La pretensión del comandante sandinista de perpetuarse en el poder ha suscitado el rechazo de organizaciones políticas, de independientes y de grandes sectores de la sociedad civil. Como respuesta a la maniobra, se ha iniciado la constitución de un frente nacional contra el proyecto reeleccionista. Quienes conocen la historia de Nicaragua recuerdan que el dictador Anastasio Somoza se hacía reelegir cada vez que se le ocurría. Ortega, en pocas palabras, se ha convertido en émulo del antiguo déspota.
Al fin y al cabo llegó al poder en una alianza con viejos adversarios. Bajo la invocación de los más insólitos sofismas, el comandante ha dictaminado que el veredicto es inapelable. Pero se equivoca, porque una cosa es el veredicto de los magistrados y otra el veredicto de la gente.
En esta mascarada ha venido a parar la revolución sandinista.
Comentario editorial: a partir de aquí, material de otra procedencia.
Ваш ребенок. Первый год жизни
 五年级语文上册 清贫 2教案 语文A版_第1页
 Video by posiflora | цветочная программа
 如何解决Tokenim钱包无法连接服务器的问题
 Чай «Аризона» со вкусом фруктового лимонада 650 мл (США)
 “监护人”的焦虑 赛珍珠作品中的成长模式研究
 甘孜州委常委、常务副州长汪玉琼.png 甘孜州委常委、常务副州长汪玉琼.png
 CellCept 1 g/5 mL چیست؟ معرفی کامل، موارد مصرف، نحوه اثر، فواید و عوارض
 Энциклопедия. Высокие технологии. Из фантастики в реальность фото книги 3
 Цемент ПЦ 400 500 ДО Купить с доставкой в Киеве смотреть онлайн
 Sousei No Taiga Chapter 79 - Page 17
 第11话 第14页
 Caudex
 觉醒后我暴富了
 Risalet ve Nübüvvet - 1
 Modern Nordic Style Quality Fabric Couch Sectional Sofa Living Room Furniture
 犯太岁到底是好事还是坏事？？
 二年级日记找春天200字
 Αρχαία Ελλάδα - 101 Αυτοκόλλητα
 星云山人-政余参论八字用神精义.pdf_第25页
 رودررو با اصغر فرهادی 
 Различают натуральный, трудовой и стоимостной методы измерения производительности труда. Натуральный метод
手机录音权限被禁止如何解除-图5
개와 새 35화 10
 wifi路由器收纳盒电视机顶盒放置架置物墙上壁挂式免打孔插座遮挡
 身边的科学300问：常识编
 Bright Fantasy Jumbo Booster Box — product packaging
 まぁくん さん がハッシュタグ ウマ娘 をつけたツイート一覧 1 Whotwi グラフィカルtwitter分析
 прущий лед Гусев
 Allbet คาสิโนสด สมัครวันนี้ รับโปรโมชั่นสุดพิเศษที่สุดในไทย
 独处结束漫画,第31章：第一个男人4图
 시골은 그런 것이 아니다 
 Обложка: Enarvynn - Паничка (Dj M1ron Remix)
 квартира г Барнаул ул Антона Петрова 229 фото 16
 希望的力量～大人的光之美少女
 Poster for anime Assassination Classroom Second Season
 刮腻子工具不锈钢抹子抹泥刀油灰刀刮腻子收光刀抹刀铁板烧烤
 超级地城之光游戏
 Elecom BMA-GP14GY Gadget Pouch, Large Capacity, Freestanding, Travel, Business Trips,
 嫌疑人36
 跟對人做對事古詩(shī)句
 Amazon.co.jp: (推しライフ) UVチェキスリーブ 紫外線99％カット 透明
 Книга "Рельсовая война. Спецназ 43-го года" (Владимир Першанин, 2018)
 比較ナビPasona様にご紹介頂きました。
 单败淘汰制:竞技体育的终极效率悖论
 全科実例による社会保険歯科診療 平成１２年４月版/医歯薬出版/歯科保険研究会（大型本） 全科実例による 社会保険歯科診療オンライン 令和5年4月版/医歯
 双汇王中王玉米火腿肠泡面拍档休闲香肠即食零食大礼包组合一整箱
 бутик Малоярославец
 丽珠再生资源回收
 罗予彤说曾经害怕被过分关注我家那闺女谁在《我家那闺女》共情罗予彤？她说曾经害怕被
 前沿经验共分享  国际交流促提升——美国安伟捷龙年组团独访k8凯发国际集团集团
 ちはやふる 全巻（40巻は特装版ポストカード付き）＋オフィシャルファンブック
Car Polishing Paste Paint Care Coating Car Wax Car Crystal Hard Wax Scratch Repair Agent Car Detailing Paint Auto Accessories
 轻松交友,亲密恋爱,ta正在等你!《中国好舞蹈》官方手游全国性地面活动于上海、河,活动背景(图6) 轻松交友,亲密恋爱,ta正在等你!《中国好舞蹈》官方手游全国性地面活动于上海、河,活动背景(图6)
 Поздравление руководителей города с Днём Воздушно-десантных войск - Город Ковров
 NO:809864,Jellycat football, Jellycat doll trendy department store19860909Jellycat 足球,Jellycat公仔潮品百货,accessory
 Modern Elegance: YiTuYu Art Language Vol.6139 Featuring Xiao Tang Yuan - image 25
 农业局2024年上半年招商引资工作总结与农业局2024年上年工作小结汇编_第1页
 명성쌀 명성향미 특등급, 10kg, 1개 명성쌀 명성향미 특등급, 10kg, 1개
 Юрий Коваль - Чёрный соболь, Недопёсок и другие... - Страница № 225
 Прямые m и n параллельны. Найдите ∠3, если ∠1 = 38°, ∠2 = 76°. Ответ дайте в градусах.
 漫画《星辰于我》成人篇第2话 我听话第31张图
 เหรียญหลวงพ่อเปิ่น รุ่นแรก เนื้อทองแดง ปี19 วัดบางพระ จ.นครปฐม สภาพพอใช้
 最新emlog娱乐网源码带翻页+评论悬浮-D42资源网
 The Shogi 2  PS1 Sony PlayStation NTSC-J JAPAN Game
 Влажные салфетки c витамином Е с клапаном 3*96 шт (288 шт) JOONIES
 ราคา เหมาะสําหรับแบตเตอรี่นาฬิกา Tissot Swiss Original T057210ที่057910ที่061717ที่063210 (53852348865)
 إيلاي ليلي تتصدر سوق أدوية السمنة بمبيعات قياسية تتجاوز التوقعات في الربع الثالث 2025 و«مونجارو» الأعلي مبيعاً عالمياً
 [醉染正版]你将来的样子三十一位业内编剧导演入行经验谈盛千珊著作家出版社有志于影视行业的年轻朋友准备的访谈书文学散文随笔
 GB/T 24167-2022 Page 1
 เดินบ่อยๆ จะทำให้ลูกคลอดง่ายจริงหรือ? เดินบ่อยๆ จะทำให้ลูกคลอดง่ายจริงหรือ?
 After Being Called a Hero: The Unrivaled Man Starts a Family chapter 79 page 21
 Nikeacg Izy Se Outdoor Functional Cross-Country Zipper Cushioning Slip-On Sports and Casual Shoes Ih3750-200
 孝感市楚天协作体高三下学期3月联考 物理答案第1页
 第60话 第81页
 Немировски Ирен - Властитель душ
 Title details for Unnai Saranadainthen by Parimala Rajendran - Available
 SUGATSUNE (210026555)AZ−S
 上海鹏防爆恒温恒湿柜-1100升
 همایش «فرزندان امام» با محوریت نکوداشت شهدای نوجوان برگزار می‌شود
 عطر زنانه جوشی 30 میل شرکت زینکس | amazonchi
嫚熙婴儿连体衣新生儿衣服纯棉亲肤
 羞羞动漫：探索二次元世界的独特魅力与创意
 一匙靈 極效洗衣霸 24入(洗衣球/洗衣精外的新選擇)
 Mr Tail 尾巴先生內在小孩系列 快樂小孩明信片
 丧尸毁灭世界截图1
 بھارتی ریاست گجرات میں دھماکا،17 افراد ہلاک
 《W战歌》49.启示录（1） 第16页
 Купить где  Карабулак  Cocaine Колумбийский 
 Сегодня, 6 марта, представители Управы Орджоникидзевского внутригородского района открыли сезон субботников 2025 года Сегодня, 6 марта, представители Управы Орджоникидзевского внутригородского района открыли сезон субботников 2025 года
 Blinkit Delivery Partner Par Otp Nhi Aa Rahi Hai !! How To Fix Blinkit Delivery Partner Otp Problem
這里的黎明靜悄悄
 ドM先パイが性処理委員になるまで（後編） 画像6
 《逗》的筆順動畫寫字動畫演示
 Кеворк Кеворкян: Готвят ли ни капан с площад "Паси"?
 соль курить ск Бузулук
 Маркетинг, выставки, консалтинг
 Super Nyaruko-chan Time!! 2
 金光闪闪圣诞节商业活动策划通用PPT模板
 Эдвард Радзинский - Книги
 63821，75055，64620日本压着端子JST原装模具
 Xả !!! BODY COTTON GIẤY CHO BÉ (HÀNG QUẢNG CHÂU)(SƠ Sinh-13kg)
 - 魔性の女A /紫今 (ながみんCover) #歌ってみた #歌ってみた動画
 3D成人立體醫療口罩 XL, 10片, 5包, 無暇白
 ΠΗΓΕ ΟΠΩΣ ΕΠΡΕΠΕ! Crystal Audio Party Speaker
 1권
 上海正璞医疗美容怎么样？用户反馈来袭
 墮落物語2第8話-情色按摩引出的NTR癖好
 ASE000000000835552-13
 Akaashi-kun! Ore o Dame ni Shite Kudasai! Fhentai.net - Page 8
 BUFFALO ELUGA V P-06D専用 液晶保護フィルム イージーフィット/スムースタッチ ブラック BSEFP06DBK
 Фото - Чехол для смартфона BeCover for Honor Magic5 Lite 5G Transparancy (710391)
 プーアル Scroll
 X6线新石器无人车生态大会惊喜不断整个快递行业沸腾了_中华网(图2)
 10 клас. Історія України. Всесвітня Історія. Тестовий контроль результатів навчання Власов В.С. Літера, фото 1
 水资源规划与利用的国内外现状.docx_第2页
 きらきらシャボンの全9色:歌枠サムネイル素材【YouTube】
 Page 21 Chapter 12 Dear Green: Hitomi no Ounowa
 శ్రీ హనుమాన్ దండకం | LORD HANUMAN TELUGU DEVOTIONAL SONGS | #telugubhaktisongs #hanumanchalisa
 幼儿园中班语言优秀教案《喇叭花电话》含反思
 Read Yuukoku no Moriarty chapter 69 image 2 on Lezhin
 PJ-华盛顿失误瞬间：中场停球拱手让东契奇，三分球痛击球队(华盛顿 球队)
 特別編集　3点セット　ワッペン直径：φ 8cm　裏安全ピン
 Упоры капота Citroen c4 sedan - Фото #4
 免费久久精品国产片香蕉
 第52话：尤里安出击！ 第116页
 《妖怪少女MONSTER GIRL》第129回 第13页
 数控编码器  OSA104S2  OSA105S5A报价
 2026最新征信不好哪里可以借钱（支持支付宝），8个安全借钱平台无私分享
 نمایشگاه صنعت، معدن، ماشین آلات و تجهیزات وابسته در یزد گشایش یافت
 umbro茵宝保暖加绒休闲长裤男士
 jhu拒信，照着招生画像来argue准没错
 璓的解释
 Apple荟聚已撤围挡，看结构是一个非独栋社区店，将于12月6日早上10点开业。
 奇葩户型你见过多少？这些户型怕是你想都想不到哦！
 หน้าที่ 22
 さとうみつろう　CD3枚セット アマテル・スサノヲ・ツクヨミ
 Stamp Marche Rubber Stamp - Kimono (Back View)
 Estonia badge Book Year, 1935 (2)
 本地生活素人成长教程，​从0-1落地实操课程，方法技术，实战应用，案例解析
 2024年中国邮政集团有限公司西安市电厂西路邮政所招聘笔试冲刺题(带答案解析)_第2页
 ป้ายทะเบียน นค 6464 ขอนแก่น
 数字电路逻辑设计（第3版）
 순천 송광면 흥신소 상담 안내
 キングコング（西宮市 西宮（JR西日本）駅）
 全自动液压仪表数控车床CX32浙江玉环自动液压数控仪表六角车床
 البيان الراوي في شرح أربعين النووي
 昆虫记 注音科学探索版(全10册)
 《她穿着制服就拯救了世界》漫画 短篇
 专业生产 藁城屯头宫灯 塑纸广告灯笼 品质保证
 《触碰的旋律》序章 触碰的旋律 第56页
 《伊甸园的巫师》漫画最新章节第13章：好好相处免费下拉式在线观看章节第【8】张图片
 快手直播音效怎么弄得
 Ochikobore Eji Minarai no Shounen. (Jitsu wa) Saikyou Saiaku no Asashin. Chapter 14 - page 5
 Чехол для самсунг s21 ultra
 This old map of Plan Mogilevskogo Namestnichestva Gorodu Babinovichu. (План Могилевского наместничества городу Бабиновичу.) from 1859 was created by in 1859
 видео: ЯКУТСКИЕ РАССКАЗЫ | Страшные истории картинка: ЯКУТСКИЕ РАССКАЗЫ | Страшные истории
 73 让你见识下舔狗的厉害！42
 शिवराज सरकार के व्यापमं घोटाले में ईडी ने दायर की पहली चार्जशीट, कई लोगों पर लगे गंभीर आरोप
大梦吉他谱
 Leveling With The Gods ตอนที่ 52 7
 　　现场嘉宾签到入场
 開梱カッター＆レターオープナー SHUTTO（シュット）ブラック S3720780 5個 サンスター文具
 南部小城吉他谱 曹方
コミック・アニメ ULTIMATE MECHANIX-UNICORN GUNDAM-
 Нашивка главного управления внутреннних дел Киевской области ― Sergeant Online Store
Ortega no le ofrece nada a su país, es un personaje que no puede disimular la fatiga y el anacronismo, que no significa para Nicaragua sino un gran retraso. Para los nicaragüenses está claro que el comandante ha dado un golpe de Estado. Como miembro de la Alianza Bolivariana tiene la reelección como consigna máxima, igual que en Venezuela, Bolivia, Ecuador, Ortega pretende quedarse en el poder, sin más ni más, contando desde luego con que los dólares venezolanos le permitan hacer una campaña de promesas y fraudes. Sin embargo, no debe olvidar el comandante que por pretender una maniobra similar fue derrocado su vecino Manuel Zelaya. Contra toda la prédica internacional, y contra todas las adulteraciones del proceso de destitución, fue el intento de perpetuarse lo que marcó su caída. El espejo está lo suficientemente cerca como para que el vecino se mire en él.
La Sala Constitucional del Tribunal Supremo no le hizo ningún favor al comandante. La reacción producida ha sido tan extraordinaria que condena al fracaso sus ambiciones reeleccionistas.